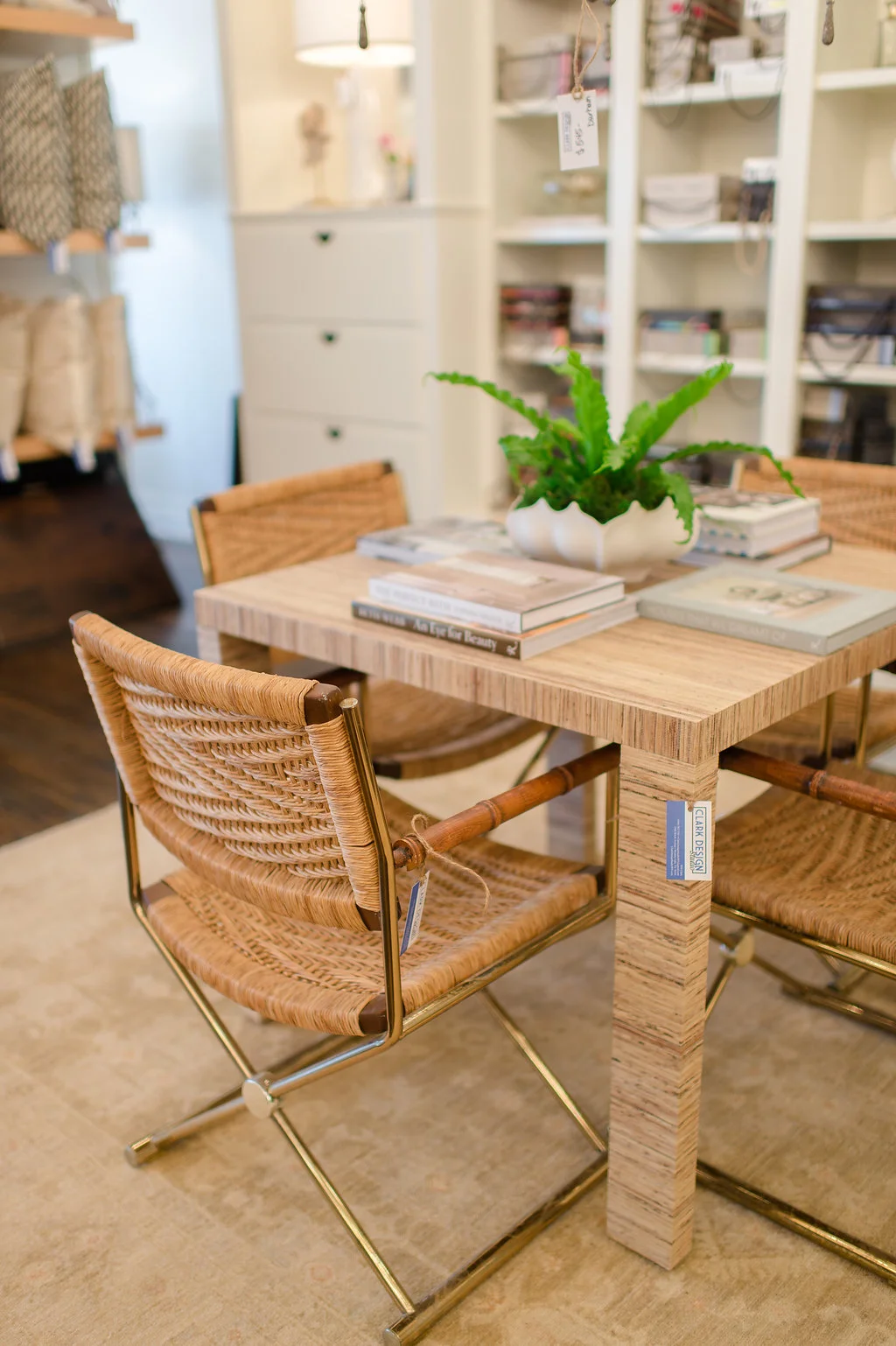 ClarkDesignShop-55.jpg
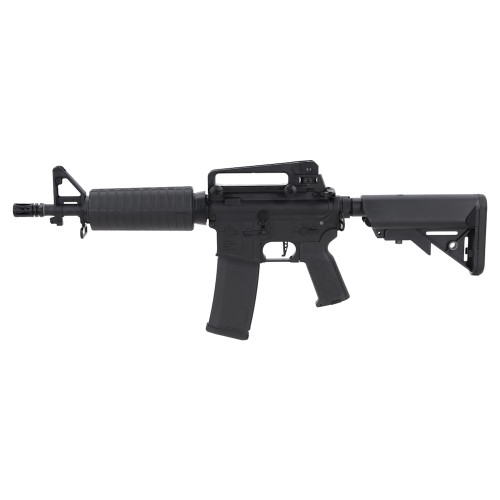 SPECNA ARMS FUCILE ELETTRICO RRA SA-P02 PRIME ASTER II ETU BLDC NERO (SPE-01-043629)
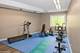250 W Parliament Unit 115, Mount Prospect, IL 60056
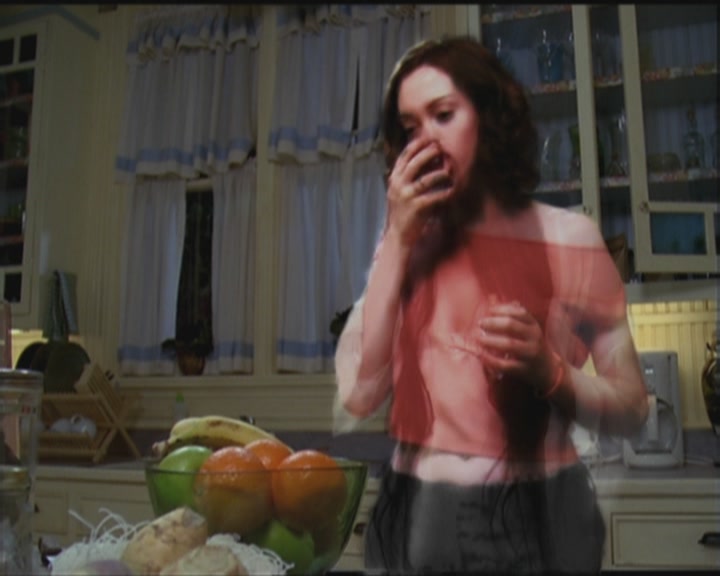 Charmed-Online_dot_net-5x03HappelyEverAfter1542.jpg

+++

■ Your instructions: Transcribe the preceding listing in its entirety and with exact wording, leaving out pictures.

■ Written answer:
 ClarkDesignShop-55.jpg
 SPECNA ARMS FUCILE ELETTRICO RRA SA-P02 PRIME ASTER II ETU BLDC NERO (SPE-01-043629)
250 W Parliament Unit 115, Mount Prospect, IL 60056
 Charmed-Online_dot_net-5x03HappelyEverAfter1542.jpg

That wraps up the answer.